The agent is your primary interaction layer. You talk to it, not to Salesforce. You ask it questions, not the HubSpot search bar. The agent is also sitting on a complete, synchronized copy of your data.

At this point, what exactly is the system of record doing?

The original application still exists. People still log into it occasionally. But increasingly, it’s just a write endpoint. It’s a place where data gets created before being sucked into the agent’s context. The agent is where the work actually happens.

Some systems of record will try to fight this. They’ll implement rate limits. They’ll restrict API access. They’ll try to keep the data trapped inside their walls.

This is a losing strategy.

If you rate-limit an agent too aggressively, it becomes useless. The whole point of connecting an agent to your CRM is so it can help you with your CRM. If it can only make ten API calls per minute, it’s not much of an agent.

But there’s a deeper problem. A sufficiently sophisticated agent, facing rate limits, will simply build a caching layer. It will pull what it can, store it locally, and sync periodically. The rate limits just delay the inevitable by a few hours.

Once the agent has a cache, you have to ask: why isn’t the cache the system of record? It’s more current than what the agent can access through rate-limited APIs. It’s faster to query. It’s where the agent actually does its work. And the agent is now the primary interface.

The system of record tried to protect itself and instead made itself irrelevant.

There’s a version of this story where systems of record survive by pivoting.

Maybe they become the “governance layer.” The place where permissions are defined, audit trails are kept, compliance is enforced.
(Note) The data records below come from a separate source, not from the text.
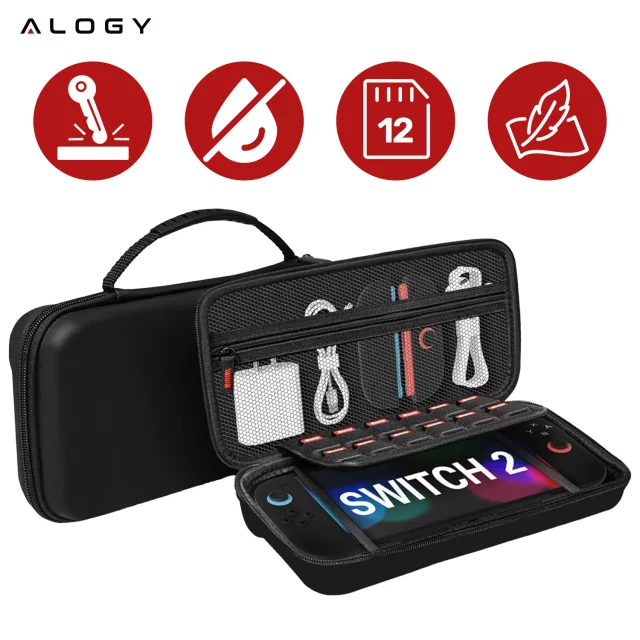 Pokrowiec Etui do Nintendo Switch 2 2025 Torba Ochronna Twarda EVA, Wodoodporna, Lekka, z Uchwytami i przegrodami akcesoria Alogy HardFoamBag™ – Czarna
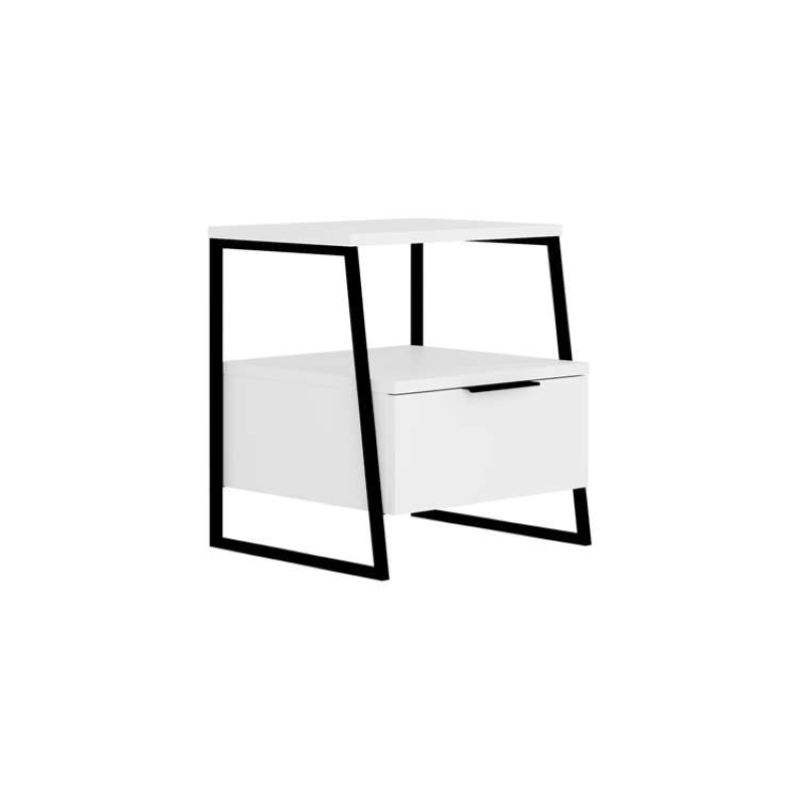 Comodino moderno 1 ribalta design 45xH50 metallo bianco Jodi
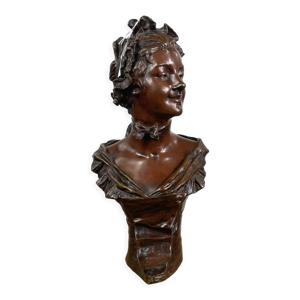 Portrait en bronze signé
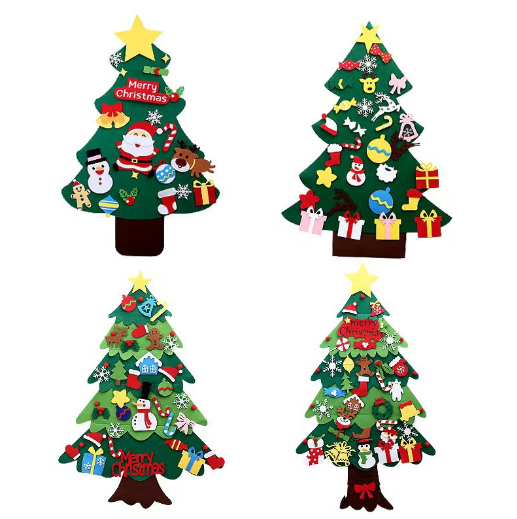 Ourwarm Xmas Decoration Wall Hanging DIY Home Decoration 3D Felt Craft Kits Christmas Tree Set for Children Kids merry christmas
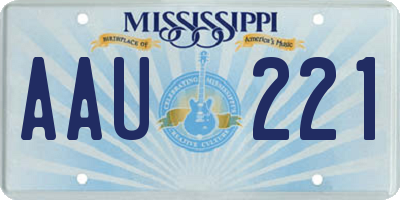 MS license plate AAU221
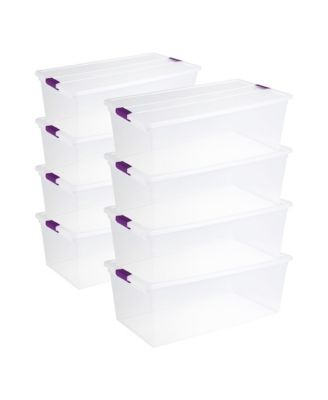 Sterilite 110 Qt ClearView Latch Storage Box, Stackable Bin with Lid, 8-Pack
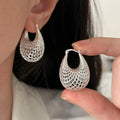 925 Sterling Silver Geometric Hoop Earrings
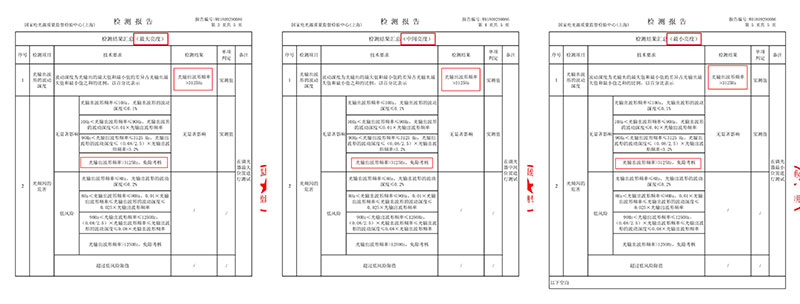 調光燈具在三種不同亮度的檢查報告結果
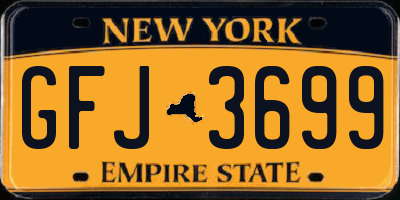 NY license plate GFJ3699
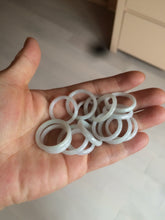 Load image into Gallery viewer, 100% natural type A white slim jadeite jade band ring BF53
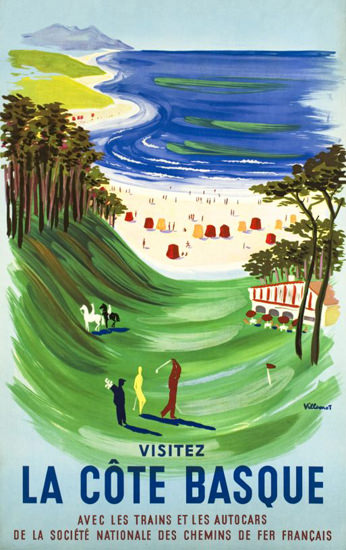 Cote Basque Le Golf 1954 Lido France | Vintage Travel Posters 1891-1970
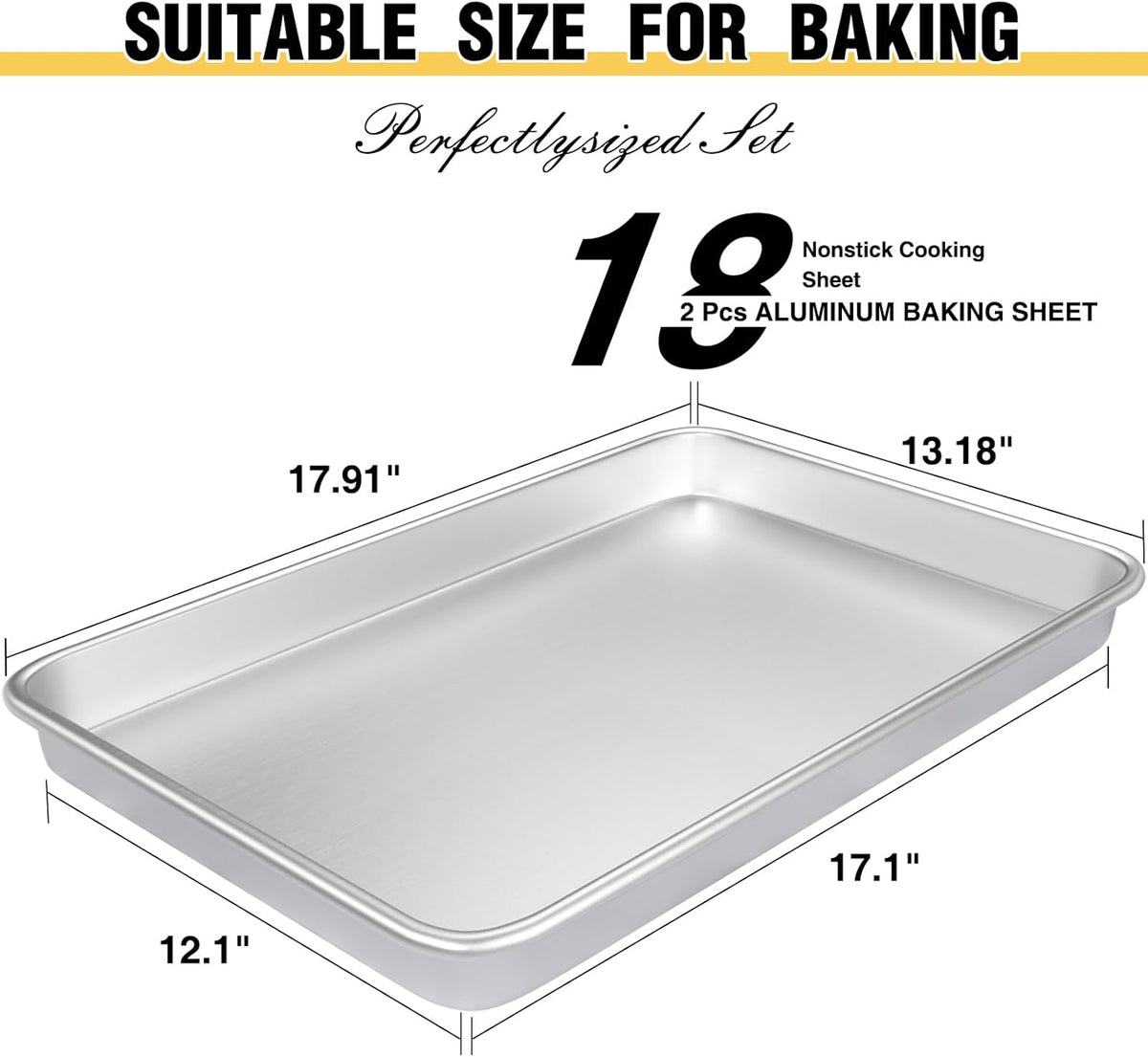 Commercial Quality Baking Sheet Pan Set, Natural Aluminum Cookie Sheet, Umite Chef Warp Resistant Baker's Half Sheet Pan, Large Thick Cookie Tray Pans for Baking, Roasting(2 Pack, 18X13In)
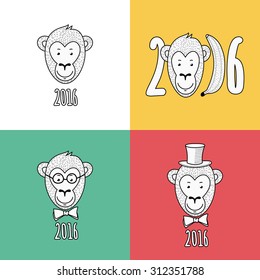 Set of vector New Year 2016 greeting cards. Hand drawn linear portrait of cute smiling monkey in hat, glasses and bow tie. T-shirt print design illustration.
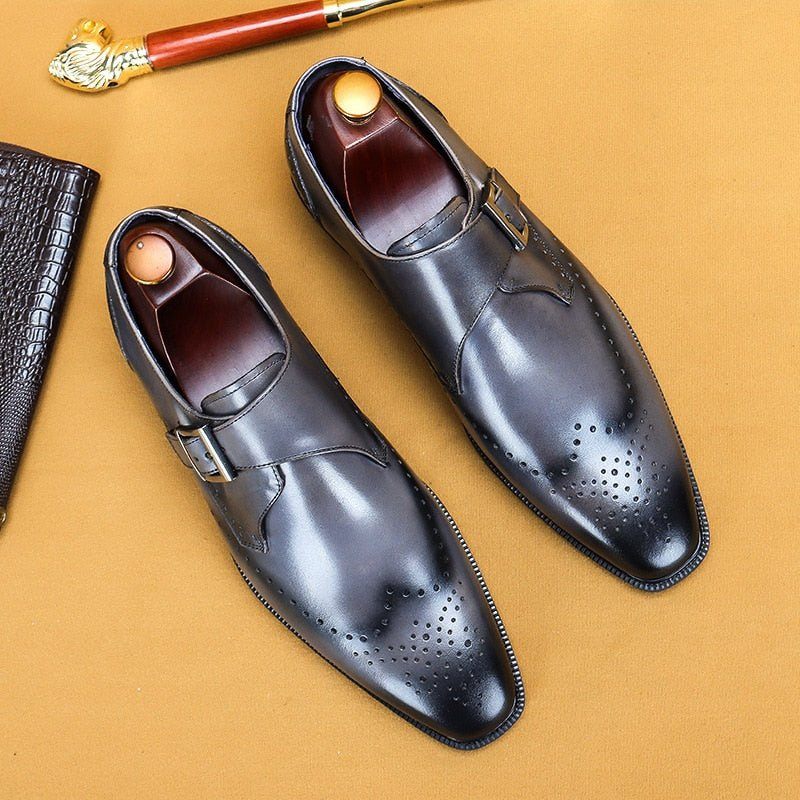 Sapatos Formais Masculinos Padrão Exótico Brogue Dedo Apontado - Cinza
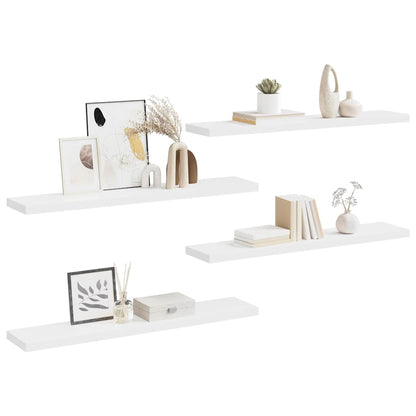 Floating Wall Shelves 4 pcs White 120x23.5x3.8 cm MDF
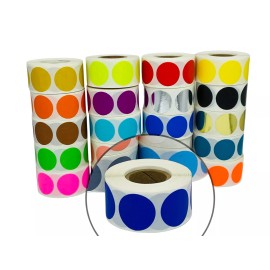 Labels and More 1" Round Navy Blue Color coded Inventory Dots Roll of 500 Labels Stickers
Multi-user sync is still hard. Permissioning is still hard. Knowing who changed what and when still matters for regulated industries.

But this is a much smaller business than being the system of record. Governance is a feature, not a platform. And it’s not clear that the current incumbents are well-positioned to provide it. Their entire architecture assumes they’re the center of the universe, not a compliance sidecar to an agent.

The companies most at risk are the ones whose entire value proposition is “we store your X data.”

CRMs. Project management tools. Documentation platforms. Applicant tracking systems. Any category where the data is structured, relatively small, and the main moat is that the data lives there.

These companies have had decades of dominance because the data couldn’t leave. Now it can leave in seconds. And once it leaves, it doesn’t need to come back.

If you’re building a system of record today, you should be asking yourself some uncomfortable questions.

What is your product if the data doesn’t have to live with you? What’s the value of your UI if no one’s looking at it? What’s your moat if an agent can clone your entire database before your rate limiter even kicks in?

The answers might be workflow automation that’s hard to replicate, network effects between users, deep domain expertise embedded in the product. But “we’re where the data lives” is no longer a valid answer.

For twenty years, that was enough. It’s not anymore.